Я сделал выпад, согласившись с мнением Татьяны и добавив, что священников мало интересует совершенствование каждого отдельно взятого человека из их паствы.
Он уклонился, выманивания меня на открытое пространство — поинтересовался, не хочу ли я сказать, что люди скорее склонны к пассивному подчинению высшей силе, чем к активным поискам своей собственной личности, как-то ненавязчиво подчеркнув последнее слово.
Я насторожился. Но, в конце концов, большинство людей говорят о личности так же, как о судьбе, Боге или правительстве — не вкладывая в эти слова никакого особого смысла. Я отметил, что обычные люди, как правило, обращаются к высшей силе в случае опасности или тяжких испытаний — словно к милиции, когда к ним бандиты в дом ломятся.
Увлекшись развитием атаки, я допустил оплошность, которую он тут же заметил, спросив, признаю ли я существование необычных людей.
Я мысленно чертыхнулся, но отступать мне не хотелось. Психологу ведь положено анализировать поведение людей и находить в нем что-то необычное. Вот его поведение я бы точно необычным назвал. То ли он и сам много об этом размышлял (вон каждое мое слово ловит!), то ли пытается что-то иное за моими речами расслышать. Ладно, приподнимем чуть-чуть занавес над отношениями личности и общества (в случае чего, сделаю оговорку, что выводы мои основаны на наблюдениях за психологически неустойчивыми людьми) и посмотрим, как он на это отреагирует. Я сказал ему, что, осознав себя личностью, человек больше не вписывается в схемы поведения, принятые обществом. Сейчас он начнет рассказывать мне, что жить вне общества можно только на необитаемом острове…
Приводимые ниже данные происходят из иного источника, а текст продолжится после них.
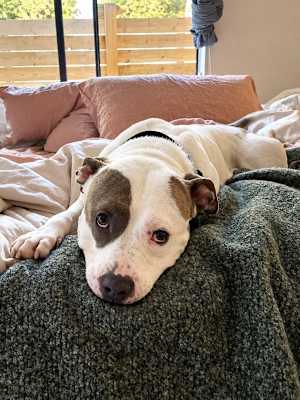 Chico - Photo 4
Тут и Татьяна что-то добавила, но — к своему глубокому стыду — должен признаться (только не ей!), что я не обратил на ее слова внимания, с нетерпением ожидая ответа француза.
Он подсек меня неожиданным и едва заметным движением — спросил, не разумно ли в таком случае признать и существование необычных священников.
Я отступил, чтобы дать себе время на раздумья. Если бы я только мог понять, к чему он ведет! Поясняя свою мысль, он словно сигналы мне какие-то неведомые посылал. Необычные священники, мол, не к высшим силам мысли людей обращают, а внутрь их самих.
Я осторожно заметил, что путь самосовершенствования люди проходят, как правило, в одиночестве, поскольку он уникален для каждого человека. И самое главное — не удержался я — с какой стати такие искатели личности считают себя вправе направлять людей на этом пути?
И вот как раз в этот момент он и нанес мне весьма чувствительный удар, предположив, что такое право необычным людям может давать сама высшая сила.